Il legno è una delle materie prime più utilizzate e versatili, presente in molti settori e prodotti della nostra vita quotidiana. Tuttavia, il legno ha anche un impatto ambientale significativo, sia nella sua produzione che nel suo smaltimento. Capire la raccolta differenziata del legno e come buttare il legno in maniera responsabile diventa cruciale per ridurre questi tipi di impatti. Come possiamo ridurre questo impatto e rendere il nostro consumo di legno più sostenibile? Esaminiamo l’importanza del corretto trattamento e riciclo del legno, le normative e i processi legati al legname, le possibilità di riciclo e recupero del legno, e i benefici che il riciclo legno comporta per l’ambiente.

Aspetto Dettagli
Classificazione CER 030000, 030100, 030104, 030105, 170201
Tipo di Rifiuto Legno
Metodi di Smaltimento – Raccolta differenziata presso centri autorizzati
– Trattamento di recupero e riciclo
– Trattamento di smaltimento finale
Normative Applicabili Decreto Legislativo 152/2006
Impatti Ambientali – Riduzione del consumo di legno vergine
– Riduzione della produzione di rifiuti
– Riduzione dell’abbandono e della combustione incontrollata del legno
Raccomandazioni – Raccolta differenziata
– Evitare abbandono e combustione del legno
– Favorire il riciclo e il recupero del legno

Perché lo smaltimento legno è importante

Come va smaltito il legno?
Riciclo Legno Ambientale

Il legno è una risorsa naturale e rinnovabile, ma non illimitata. Ogni anno, vengono tagliati circa 3,5 miliardi di metri cubi di legno nel mondo, di cui il 50% viene usato come combustibile, il 28% come materiale da costruzione, il 11% come pasta per carta e il resto per altri usi. Il legno è anche una fonte di rifiuti: secondo i dati dell’ISTAT, nel 2019 in Italia sono stati prodotti 4,7 milioni di tonnellate di rifiuti in legno, di cui il 60% proveniente da attività economiche e il 40% da famiglie. Questi scarti possono avere diverse origini e tipologie: imballaggi, mobili, pallet, cassette, potature, scarti di lavorazione, ecc. Lo smaltimento rifiuti in legno è regolato da una normativa specifica, che prevede l’obbligo di raccolta differenziata, il divieto di abbandono e di combustione, e la possibilità di recupero e riciclo. Esploriamo i benefici di gestire legno di scarto e legno usato, affrontando cosa legno significa per l’ambiente quando trasformato in metano attraverso processi non controllati. Ecco in dettaglio come funziona il processo di smaltimento del legno e quali sono le sue implicazioni ambientali.

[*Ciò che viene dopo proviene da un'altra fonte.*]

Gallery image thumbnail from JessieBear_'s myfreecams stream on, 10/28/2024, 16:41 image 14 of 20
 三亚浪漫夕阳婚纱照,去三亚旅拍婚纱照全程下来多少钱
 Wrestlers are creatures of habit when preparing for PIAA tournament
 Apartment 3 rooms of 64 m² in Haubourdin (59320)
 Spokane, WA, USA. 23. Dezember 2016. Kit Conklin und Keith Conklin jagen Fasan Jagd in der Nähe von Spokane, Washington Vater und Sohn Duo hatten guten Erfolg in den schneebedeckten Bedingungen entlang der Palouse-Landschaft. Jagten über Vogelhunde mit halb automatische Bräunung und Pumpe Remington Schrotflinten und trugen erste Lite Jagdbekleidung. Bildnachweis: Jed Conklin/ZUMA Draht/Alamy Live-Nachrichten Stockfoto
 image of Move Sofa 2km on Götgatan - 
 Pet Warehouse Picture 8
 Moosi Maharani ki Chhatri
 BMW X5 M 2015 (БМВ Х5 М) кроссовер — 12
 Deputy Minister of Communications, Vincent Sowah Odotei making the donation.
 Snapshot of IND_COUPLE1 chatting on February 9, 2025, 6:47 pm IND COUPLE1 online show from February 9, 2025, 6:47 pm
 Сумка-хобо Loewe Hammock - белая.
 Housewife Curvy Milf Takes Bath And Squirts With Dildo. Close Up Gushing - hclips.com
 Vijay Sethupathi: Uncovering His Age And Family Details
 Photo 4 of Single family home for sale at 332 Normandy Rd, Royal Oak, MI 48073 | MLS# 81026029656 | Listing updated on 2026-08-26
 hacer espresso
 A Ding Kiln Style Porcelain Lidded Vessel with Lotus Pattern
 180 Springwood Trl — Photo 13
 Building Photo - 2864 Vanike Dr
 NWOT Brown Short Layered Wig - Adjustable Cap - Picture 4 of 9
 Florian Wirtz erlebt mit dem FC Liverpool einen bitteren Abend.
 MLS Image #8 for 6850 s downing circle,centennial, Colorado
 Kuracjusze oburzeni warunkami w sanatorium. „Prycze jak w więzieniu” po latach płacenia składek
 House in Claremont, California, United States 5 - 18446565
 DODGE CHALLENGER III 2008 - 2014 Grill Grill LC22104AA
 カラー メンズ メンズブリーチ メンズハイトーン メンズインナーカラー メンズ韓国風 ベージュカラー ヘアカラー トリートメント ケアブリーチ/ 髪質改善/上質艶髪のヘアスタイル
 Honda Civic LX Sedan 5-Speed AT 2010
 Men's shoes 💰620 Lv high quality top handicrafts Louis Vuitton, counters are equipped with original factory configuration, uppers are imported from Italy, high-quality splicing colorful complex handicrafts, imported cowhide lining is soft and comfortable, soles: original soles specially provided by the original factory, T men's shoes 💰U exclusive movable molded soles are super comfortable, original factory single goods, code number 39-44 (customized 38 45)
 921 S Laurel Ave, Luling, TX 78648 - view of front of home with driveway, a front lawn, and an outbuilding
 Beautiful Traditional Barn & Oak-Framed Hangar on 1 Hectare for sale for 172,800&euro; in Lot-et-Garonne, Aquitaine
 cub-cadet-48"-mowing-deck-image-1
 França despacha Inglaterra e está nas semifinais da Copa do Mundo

Normativa e Processo di Smaltimento del Legno

La normativa vigente per lo smaltimento del legno è il Decreto Legislativo 152/2006, che classifica i rifiuti in legno come rifiuti speciali non pericolosi, e stabilisce le modalità di gestione, trasporto e smaltimento degli stessi. La normativa incoraggia a raccogliere il legno in modo da favorire riciclo e smaltimento efficaci, riducendo le tonnellate di legno che finirebbero in discarica. In particolare, la normativa prevede che i rifiuti in legno:

  • devono essere raccolti in modo differenziato dagli altri rifiuti, e conferiti presso i centri di raccolta autorizzati, oppure ritirati da operatori specializzati che offrono il servizio di raccolta e gestione.
  • non possono essere abbandonati nell’ambiente, né bruciati all’aperto o in camini domestici, in quanto ciò comporta il rilascio di sostanze inquinanti e nocive per la salute e l’ambiente.
  • devono essere sottoposti a un processo di recupero e riciclo, se possibile, oppure a un trattamento di smaltimento finale, se non recuperabili.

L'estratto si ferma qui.